Tokio-Spiele 2021
Ohne Ausländische Fans? Olympia-Macher ringen um Zuschauer

Ausländischen Olympia-Fans könnte die Reise zu den Sommerspielen in Tokio verwehrt bleiben. Dies soll Japans Regierung planen. Die Olympia-Macher betonen, alles für sichere Spiele zu tun.

Mittwoch, 03.03.2021, 13:32 Uhr aktualisiert: 03.03.2021, 13:34 Uhr
Digitaler Redebedarf wegen Corona: Olympia-Organisations-Chefin Seiko Hashimoto (vorne) und IOC-Präsident Thomas Bach. Foto: Du Xiaoyi

Tokio (dpa) - Für die Sicherheit der Sommerspiele in Tokio wollen die japanischen Gastgeber angeblich ausländische Zuschauer aussperren.

Dies strebe zumindest Japans Regierung mit Blick auf die anhaltend großen Bedenken in der Bevölkerung wegen der Verbreitung des Coronavirus an, schrieb die Zeitung «Mainichi» unter Berufung auf mehrere ungenannte Quellen. IOC-Präsident Thomas Bach betonte in einer Video-Schalte mit den Organisatoren, der Fokus müsse sich vor allem auf «sichere, geschützte und faire Wettbewerbe» richten. «Das ist der Kern der Olympischen Spiele», sagte der Chef des Internationalen Olympischen Komitees.

Organisationschefin Seiko Hashimoto kündigte eine Entscheidung über die Zulassung ausländischer Zuschauer bis Ende März an. Ziel sei es, dass sich die japanischen Bürger mit den Spielen sicher fühlen. Dem Medienbericht zufolge wird noch geprüft, ob zumindest japanische Fans bei den Sommerspielen in den Arenen dabei sein dürfen und inwiefern die Zuschauerzahl begrenzt werden soll. Die Frage einer Beschränkung der Stadion-Kapazität werde bis Ende April geklärt, sagte Hashimoto.

Die für 2020 geplanten Spiele in Tokio waren im Vorjahr wegen der Corona-Krise um ein Jahr verschoben worden. In Japan sprach sich Umfragen zufolge zuletzt eine große Mehrheit für eine erneute Verlegung oder komplette Absage der Spiele aus. «Mainichi» zitierte eine Regierungsquelle mit den Worten: «Unter den aktuellen Umständen können wir keine Zuschauer aus dem Ausland akzeptieren.»

Noch im Dezember hatte das japanische Organisationskomitee bekräftigt, möglichst viele ausländische Besucher ins Land lassen zu wollen. Für sie solle eine generelle Maskenpflicht und das Gebot zur Nutzung einer Corona-Warn-App gelten. In den vergangenen Wochen verstärkten sich jedoch die Zweifel an diesen Plänen.

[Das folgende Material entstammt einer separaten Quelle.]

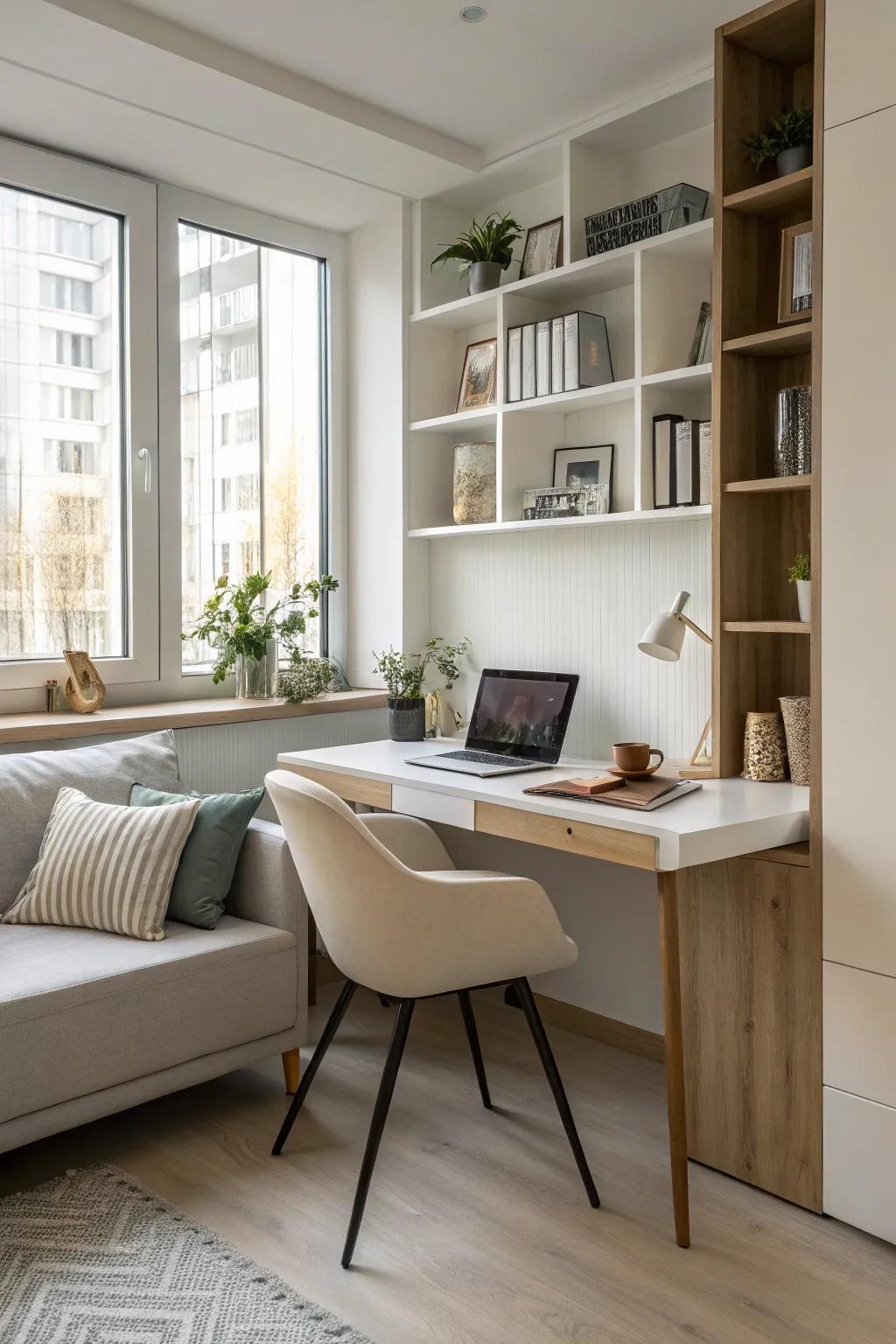 A simple design helps a stress-free and focused area.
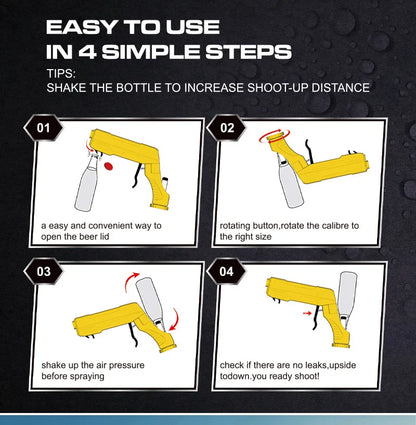 Champagne wine bottle beer dispenser spray gun beer ejecting feeding flirt gun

«Die Sicherheit steht an erster Stelle», sagte Tokios Gouverneurin Yoriko Koike am Mittwoch bei den Gesprächen der Olympia-Macher. IOC-Chef Bach betonte, die Maßnahmen gegen das Coronavirus seien der «Schlüssel für den Erfolg» der Tokio-Spiele.

Der 67-Jährige versicherte den japanischen Gastgebern, dass viele Sportler bereits mit einer Corona-Impfung zu den Sommerspielen in Tokio anreisen werden. Eine «beträchtliche Zahl» der 206 Nationalen Olympischen Komitees habe bereits Impfungen für seine Athletinnen und Athleten sichergestellt, sagte Bach. Eine weitere größere Menge von NOKs sei in guten Gesprächen mit den jeweiligen Regierungen, damit Olympia-Teilnehmer frühzeitig nach den Risikogruppen geimpft werden.

Japan selbst hatte deutlich später als andere Länder erst Mitte Februar mit den Impfungen gegen das Coronavirus begonnen. Die Regierung von Ministerpräsident Yoshihide Suga steht wegen ihres Krisenmanagements in der Corona-Pandemie schwer in der Kritik.